Learning about burning: state meeting expands prescribed fire impact

The Georgia Prescribed Fire Council will explore the vital role of prescribed burning done right at its annual meeting Sept. 29 in Tifton.

Experts will cover a range of fire topics. In the keynote address, prescribed fire veteran Jeremy Bailey, chair of the Coalition of Prescribed Fire Councils and fire training and Fire Learning Network coordinator for The Nature Conservancy, will discuss the impact prescribed fire councils are having nationally.

The meeting in Tifton will add to that impact, suggested council Chair Mark Melvin, conservation manager at Joseph W. Jones Ecological Research Center in southwest Georgia.

“Our annual event is a time that fire practitioners meet to learn from subject matter experts about topics such as law and policy, current fire research, landowner incentive programs, and forestry and wildlife management – all of which help fire managers do a better job planning and executing prescribed fires around the state,” Melvin said.

Prescribed fire involves applying the natural process of fire in a safe way to ensure ecosystem health and reduce the risk of wildfire. This tool is driven by adaptive management, where techniques and prescriptions are changed to achieve management goals. Those goals include preparing seedbeds, recycling nutrients into the soil, improving forest health and wildlife habitat, protecting rare species, and reducing risks associated with wildfire.

All will be on tap at the Prescribed Fire Council meeting, open to the public and held at the University of Georgia’s Tifton Campus Conference Center. Topics include a “state of fire” report from Georgia Forestry Commission Director Robert Farris, opportunities for conserving at-risk species, prescriptions for applying prescribed fire in young longleaf pine stands and a look at landowner’s liability.

The Georgia Prescribed Fire Council has served as a statewide platform for prescribed fire advocacy and public education since January 2007. Council partners include state and federal agencies, non-profit organizations, academia, and private landowners and managers from across the state.
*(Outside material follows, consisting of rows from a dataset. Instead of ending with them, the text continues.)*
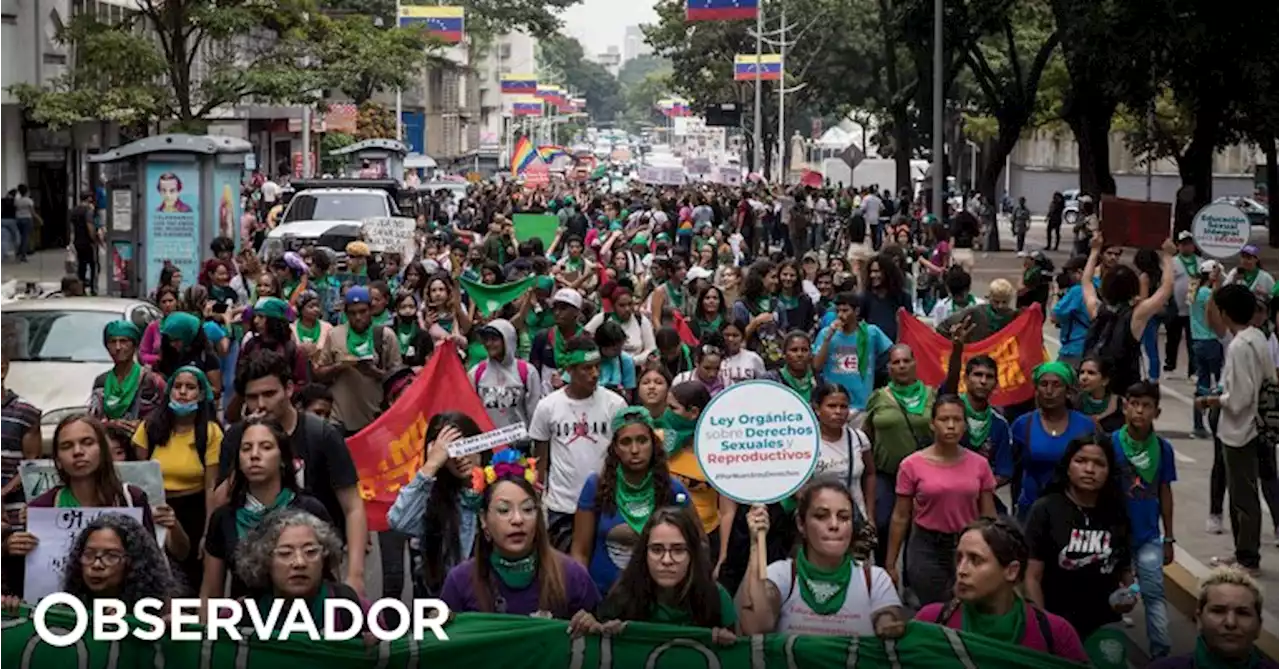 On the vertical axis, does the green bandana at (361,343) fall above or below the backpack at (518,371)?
above

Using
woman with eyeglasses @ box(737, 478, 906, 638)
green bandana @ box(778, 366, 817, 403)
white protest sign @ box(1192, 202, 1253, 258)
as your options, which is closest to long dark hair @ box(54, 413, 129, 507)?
woman with eyeglasses @ box(737, 478, 906, 638)

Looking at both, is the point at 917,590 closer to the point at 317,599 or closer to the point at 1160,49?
the point at 317,599

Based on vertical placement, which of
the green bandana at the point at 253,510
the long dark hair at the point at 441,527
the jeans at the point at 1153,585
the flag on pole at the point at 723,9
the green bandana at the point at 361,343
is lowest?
the jeans at the point at 1153,585

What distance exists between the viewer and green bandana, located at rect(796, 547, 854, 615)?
23.6 ft

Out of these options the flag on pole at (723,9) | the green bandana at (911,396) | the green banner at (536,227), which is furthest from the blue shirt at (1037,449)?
the flag on pole at (723,9)

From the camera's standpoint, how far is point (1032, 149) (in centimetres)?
10125

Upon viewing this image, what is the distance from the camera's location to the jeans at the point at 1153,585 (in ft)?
31.3

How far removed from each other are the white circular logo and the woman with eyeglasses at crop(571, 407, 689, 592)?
0.94ft

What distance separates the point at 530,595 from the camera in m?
7.31

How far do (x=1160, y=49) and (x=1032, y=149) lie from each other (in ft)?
Answer: 226

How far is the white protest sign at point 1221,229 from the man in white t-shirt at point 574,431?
9759mm

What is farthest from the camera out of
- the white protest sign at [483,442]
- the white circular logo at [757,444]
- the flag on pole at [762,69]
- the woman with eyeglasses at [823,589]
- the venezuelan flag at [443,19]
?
the flag on pole at [762,69]

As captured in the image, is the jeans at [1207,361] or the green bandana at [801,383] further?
the jeans at [1207,361]

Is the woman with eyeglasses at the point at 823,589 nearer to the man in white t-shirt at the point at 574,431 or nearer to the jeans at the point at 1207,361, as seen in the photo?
the man in white t-shirt at the point at 574,431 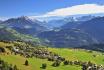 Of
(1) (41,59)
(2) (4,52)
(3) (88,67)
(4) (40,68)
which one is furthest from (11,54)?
(3) (88,67)

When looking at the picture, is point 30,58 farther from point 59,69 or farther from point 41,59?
point 59,69

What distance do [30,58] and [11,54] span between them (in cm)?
989

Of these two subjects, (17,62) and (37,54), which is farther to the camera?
(37,54)

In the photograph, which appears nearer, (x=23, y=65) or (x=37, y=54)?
(x=23, y=65)

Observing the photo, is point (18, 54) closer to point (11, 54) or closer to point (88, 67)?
point (11, 54)

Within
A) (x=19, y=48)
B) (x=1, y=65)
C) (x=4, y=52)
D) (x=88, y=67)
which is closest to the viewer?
(x=1, y=65)

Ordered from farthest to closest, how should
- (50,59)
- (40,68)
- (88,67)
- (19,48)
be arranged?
(19,48) < (50,59) < (88,67) < (40,68)

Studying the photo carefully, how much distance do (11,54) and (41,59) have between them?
16.1 meters

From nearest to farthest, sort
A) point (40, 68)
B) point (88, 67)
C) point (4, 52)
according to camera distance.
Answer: point (40, 68) → point (88, 67) → point (4, 52)

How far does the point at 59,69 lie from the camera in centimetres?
12569

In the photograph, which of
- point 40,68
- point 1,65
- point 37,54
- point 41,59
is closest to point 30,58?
point 41,59

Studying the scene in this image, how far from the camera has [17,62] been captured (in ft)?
422

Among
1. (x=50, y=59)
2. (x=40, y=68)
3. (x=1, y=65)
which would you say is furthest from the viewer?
(x=50, y=59)

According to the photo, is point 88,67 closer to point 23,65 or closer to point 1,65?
point 23,65
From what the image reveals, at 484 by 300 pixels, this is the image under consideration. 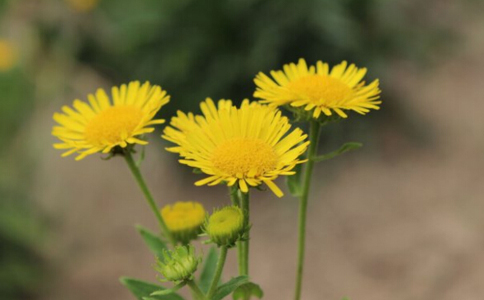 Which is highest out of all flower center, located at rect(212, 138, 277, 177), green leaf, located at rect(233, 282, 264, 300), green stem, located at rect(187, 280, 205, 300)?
flower center, located at rect(212, 138, 277, 177)

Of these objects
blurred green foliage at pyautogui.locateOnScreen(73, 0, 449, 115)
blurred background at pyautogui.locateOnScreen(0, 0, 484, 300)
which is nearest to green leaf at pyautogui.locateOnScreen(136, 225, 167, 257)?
blurred background at pyautogui.locateOnScreen(0, 0, 484, 300)

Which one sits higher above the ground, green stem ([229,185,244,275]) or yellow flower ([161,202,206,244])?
yellow flower ([161,202,206,244])

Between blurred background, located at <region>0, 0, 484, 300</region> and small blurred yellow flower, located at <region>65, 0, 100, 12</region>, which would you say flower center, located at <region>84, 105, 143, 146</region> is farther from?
small blurred yellow flower, located at <region>65, 0, 100, 12</region>

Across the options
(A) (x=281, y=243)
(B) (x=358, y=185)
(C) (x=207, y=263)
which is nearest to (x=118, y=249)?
(A) (x=281, y=243)

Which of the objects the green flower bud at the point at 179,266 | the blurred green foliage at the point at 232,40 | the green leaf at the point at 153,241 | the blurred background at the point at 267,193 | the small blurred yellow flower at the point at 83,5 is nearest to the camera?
the green flower bud at the point at 179,266

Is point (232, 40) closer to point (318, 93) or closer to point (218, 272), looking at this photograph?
point (318, 93)

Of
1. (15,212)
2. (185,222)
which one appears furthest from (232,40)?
(185,222)

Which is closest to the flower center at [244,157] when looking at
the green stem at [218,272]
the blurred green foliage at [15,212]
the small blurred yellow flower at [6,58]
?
the green stem at [218,272]

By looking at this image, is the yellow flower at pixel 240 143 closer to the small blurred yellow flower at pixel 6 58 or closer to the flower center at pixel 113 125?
the flower center at pixel 113 125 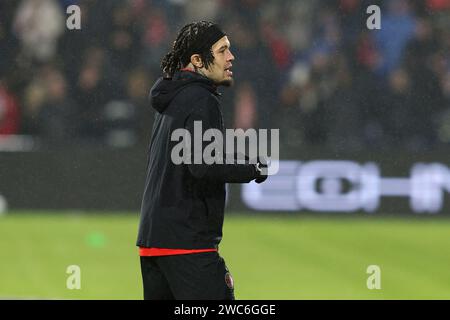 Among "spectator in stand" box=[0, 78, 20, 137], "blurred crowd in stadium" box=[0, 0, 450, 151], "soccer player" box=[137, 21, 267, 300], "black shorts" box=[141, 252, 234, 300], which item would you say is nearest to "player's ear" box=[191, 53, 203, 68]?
"soccer player" box=[137, 21, 267, 300]

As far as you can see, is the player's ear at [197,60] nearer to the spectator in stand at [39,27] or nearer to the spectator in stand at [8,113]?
the spectator in stand at [8,113]

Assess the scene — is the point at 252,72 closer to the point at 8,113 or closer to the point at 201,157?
the point at 8,113

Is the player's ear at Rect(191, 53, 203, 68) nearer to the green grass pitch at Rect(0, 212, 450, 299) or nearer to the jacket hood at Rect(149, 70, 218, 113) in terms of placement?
the jacket hood at Rect(149, 70, 218, 113)

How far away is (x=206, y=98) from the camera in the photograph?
5.69 m

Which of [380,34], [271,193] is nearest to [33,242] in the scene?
[271,193]

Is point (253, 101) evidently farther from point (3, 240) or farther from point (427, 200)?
point (3, 240)

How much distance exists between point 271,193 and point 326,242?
5.72 ft

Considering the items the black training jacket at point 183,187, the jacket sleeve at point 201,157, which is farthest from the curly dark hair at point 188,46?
the jacket sleeve at point 201,157

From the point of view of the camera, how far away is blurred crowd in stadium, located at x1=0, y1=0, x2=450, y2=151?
15.2m

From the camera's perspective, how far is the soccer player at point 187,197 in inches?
225

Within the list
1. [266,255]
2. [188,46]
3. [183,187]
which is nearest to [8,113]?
[266,255]

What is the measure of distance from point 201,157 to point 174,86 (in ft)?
1.53

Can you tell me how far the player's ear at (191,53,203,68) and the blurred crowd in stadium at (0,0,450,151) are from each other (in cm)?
891

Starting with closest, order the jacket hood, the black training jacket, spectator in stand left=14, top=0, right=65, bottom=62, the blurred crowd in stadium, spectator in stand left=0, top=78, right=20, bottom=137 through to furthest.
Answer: the black training jacket → the jacket hood → spectator in stand left=0, top=78, right=20, bottom=137 → the blurred crowd in stadium → spectator in stand left=14, top=0, right=65, bottom=62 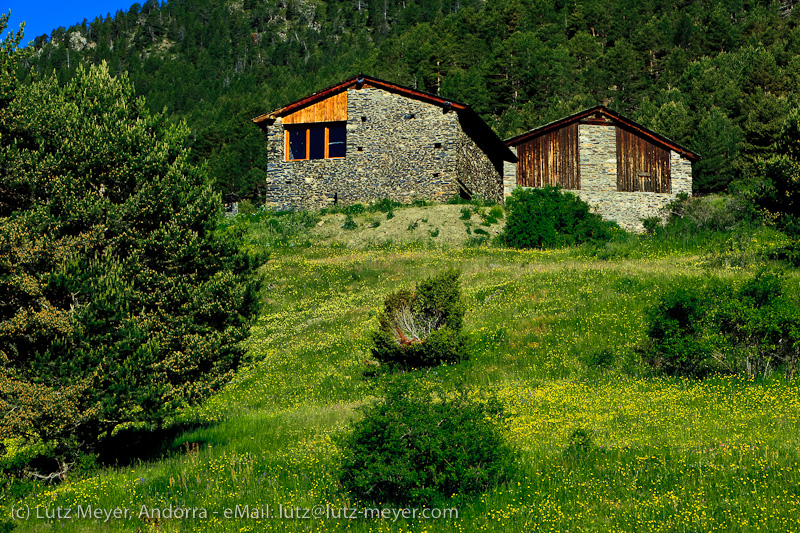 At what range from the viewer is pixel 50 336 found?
11102 mm

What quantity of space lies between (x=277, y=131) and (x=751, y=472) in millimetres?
35459

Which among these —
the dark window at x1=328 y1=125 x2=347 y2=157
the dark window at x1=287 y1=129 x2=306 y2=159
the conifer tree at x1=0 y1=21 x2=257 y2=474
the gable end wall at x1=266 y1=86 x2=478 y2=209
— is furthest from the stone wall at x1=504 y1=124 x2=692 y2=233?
the conifer tree at x1=0 y1=21 x2=257 y2=474

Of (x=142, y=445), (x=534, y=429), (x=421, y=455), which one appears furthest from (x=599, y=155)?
(x=421, y=455)

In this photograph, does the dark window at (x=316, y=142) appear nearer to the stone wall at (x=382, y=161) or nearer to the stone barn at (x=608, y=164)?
the stone wall at (x=382, y=161)

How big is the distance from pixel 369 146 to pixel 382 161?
4.02 feet

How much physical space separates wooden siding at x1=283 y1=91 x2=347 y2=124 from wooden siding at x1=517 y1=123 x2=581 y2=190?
11.6m

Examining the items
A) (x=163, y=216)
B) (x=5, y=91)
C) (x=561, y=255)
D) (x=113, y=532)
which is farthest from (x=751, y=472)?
(x=561, y=255)

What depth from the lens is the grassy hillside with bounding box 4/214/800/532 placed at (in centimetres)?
838

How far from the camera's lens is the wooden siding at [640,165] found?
4225cm

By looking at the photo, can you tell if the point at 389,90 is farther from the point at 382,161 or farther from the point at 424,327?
the point at 424,327

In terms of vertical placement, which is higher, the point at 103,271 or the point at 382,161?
the point at 382,161

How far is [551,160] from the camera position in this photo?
4247 centimetres

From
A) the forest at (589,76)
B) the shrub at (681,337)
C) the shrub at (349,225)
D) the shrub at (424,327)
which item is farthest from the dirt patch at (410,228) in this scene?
the forest at (589,76)

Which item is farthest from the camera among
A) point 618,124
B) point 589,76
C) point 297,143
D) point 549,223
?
point 589,76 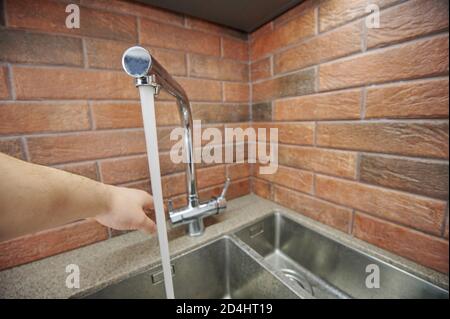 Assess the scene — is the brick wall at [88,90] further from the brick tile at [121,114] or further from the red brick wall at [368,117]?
the red brick wall at [368,117]

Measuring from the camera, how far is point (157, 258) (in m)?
0.56

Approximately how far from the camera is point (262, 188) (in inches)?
36.3

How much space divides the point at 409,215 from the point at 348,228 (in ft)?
0.55

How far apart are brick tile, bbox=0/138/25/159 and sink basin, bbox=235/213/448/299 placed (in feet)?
2.25

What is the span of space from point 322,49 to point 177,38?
0.49 metres

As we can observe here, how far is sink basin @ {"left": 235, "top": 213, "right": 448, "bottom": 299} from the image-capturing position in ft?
1.66

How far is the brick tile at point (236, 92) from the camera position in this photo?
32.7 inches

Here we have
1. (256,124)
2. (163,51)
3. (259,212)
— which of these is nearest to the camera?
(163,51)

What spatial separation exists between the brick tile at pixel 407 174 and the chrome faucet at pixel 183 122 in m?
0.46

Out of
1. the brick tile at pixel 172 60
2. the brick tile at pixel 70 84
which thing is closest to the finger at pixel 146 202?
the brick tile at pixel 70 84

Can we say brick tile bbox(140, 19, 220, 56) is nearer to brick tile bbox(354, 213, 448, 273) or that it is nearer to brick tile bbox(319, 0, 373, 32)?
brick tile bbox(319, 0, 373, 32) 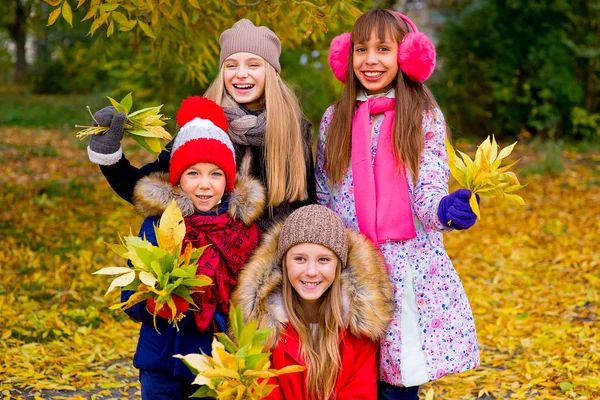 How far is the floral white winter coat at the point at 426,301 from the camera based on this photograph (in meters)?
2.94

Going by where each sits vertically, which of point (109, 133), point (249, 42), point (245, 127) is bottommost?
point (109, 133)

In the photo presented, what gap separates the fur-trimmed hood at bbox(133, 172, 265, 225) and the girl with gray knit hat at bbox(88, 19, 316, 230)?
3.4 inches

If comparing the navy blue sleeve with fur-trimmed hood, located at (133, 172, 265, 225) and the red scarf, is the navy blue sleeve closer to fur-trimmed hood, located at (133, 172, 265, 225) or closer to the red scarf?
fur-trimmed hood, located at (133, 172, 265, 225)

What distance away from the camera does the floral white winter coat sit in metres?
2.94

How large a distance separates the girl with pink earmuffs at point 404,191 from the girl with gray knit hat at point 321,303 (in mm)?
89

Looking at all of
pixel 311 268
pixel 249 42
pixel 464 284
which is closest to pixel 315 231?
pixel 311 268

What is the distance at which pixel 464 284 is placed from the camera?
631 centimetres

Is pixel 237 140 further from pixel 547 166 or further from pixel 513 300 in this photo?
pixel 547 166

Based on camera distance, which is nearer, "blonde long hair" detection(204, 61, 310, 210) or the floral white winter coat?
the floral white winter coat

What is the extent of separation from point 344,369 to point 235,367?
81 centimetres

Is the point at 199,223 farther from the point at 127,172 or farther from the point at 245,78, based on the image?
the point at 245,78

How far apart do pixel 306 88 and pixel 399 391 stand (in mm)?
8750

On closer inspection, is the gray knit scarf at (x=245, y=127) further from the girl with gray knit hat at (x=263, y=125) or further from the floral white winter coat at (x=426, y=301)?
the floral white winter coat at (x=426, y=301)

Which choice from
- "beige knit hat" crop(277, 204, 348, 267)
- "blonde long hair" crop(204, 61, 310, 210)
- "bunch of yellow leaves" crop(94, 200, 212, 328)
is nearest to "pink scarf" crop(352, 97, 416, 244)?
"beige knit hat" crop(277, 204, 348, 267) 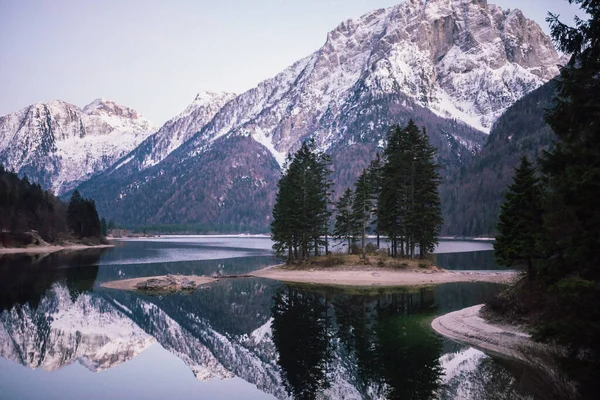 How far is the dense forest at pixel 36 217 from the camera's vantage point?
119938mm

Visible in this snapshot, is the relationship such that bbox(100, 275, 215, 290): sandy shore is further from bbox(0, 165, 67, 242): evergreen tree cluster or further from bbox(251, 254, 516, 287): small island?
bbox(0, 165, 67, 242): evergreen tree cluster

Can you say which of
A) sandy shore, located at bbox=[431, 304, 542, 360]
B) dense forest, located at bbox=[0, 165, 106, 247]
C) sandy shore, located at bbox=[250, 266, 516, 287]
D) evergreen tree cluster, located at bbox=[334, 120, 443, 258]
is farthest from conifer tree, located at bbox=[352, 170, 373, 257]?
dense forest, located at bbox=[0, 165, 106, 247]

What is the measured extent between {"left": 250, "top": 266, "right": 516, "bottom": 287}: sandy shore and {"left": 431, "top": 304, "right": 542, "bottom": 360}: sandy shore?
2289cm

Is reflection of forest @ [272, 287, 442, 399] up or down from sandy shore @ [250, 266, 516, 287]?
down

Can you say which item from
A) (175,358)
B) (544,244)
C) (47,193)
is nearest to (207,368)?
(175,358)

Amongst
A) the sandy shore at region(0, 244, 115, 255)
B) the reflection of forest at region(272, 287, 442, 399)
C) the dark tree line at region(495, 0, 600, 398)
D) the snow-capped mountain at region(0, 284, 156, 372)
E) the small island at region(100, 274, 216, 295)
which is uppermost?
the dark tree line at region(495, 0, 600, 398)

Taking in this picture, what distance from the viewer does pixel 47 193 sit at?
161 meters

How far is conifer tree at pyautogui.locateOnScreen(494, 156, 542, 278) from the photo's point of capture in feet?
114

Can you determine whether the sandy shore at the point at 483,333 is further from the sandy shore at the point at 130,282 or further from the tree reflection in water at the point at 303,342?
the sandy shore at the point at 130,282

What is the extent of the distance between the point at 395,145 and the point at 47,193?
132099mm

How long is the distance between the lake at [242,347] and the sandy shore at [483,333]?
3.43 ft

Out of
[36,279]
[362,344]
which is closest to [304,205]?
[36,279]

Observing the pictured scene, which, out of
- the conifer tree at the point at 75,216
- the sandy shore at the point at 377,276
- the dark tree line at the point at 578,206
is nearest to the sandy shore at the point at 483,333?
the dark tree line at the point at 578,206

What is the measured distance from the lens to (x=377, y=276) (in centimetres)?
6444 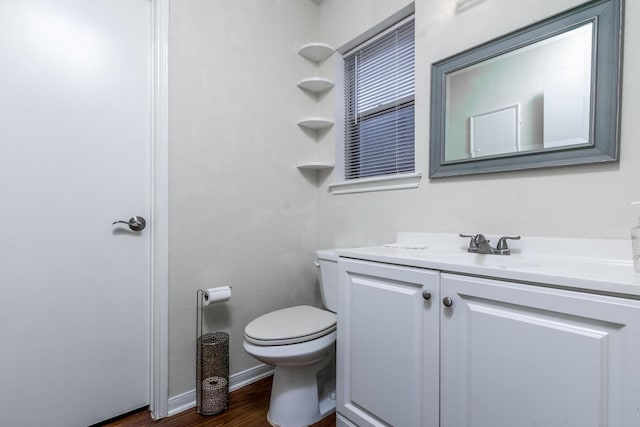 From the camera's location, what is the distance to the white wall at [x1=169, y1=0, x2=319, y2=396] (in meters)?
1.50

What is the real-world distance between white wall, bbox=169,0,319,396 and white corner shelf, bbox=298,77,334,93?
5 centimetres

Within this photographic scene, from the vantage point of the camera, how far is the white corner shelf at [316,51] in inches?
74.9

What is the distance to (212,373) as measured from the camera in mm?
1522

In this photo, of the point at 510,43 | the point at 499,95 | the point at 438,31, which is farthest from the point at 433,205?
the point at 438,31

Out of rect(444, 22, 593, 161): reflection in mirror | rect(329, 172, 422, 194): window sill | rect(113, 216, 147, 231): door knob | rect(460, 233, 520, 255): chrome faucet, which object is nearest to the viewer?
rect(444, 22, 593, 161): reflection in mirror

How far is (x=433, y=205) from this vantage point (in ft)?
4.76

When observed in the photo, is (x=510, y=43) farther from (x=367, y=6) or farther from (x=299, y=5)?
(x=299, y=5)

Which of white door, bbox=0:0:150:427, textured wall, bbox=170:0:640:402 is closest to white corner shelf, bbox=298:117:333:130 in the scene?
textured wall, bbox=170:0:640:402

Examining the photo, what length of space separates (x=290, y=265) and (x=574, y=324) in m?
1.45

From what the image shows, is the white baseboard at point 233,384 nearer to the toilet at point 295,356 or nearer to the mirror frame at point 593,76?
the toilet at point 295,356

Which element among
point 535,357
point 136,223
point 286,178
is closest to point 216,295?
point 136,223

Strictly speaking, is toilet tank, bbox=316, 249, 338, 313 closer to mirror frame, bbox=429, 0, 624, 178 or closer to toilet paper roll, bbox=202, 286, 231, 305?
toilet paper roll, bbox=202, 286, 231, 305

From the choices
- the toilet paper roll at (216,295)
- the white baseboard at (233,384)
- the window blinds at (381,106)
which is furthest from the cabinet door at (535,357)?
the white baseboard at (233,384)

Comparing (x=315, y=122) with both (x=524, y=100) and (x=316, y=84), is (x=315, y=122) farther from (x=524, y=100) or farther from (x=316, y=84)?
(x=524, y=100) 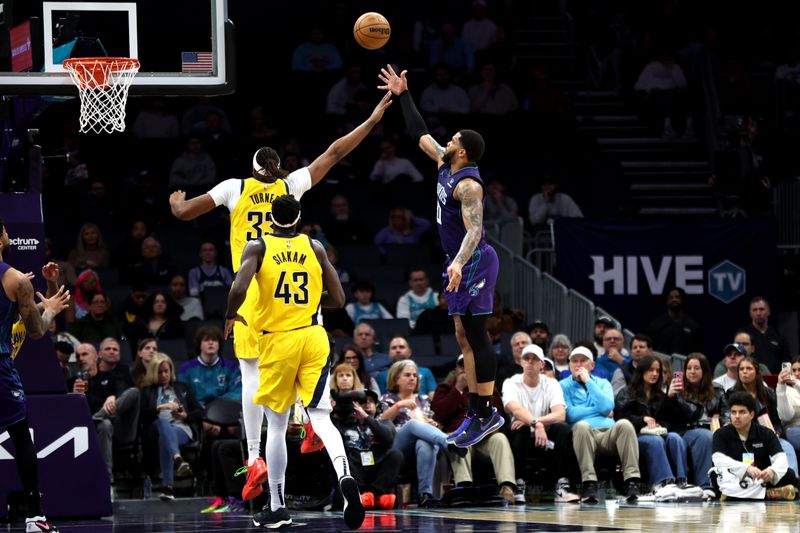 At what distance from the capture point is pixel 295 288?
10.8 meters

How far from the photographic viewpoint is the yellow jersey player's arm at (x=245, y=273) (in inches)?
417

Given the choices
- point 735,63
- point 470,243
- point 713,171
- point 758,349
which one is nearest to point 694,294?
point 758,349

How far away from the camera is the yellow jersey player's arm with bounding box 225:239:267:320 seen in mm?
10594

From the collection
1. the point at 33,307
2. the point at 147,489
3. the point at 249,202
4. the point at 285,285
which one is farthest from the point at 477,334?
the point at 147,489

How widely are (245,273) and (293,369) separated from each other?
31.4 inches

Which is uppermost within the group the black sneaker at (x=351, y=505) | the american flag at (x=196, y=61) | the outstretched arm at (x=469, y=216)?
the american flag at (x=196, y=61)

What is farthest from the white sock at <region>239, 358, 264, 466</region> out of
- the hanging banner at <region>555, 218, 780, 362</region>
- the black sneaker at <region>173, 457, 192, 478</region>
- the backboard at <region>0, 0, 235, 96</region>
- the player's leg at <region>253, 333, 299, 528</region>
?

Shan Cammack, with the Georgia Department of Natural Resources’ Wildlife Resources Division, said prescribed fire underscores the mission of her agency: to conserve, enhance and promote Georgia’s wildlife resources and outdoor heritage through science-driven research, management, regulation and education. That means not only working on Wildlife Resources lands, but informing and supporting private landowners as they manage natural resources, particularly through prescribed fire.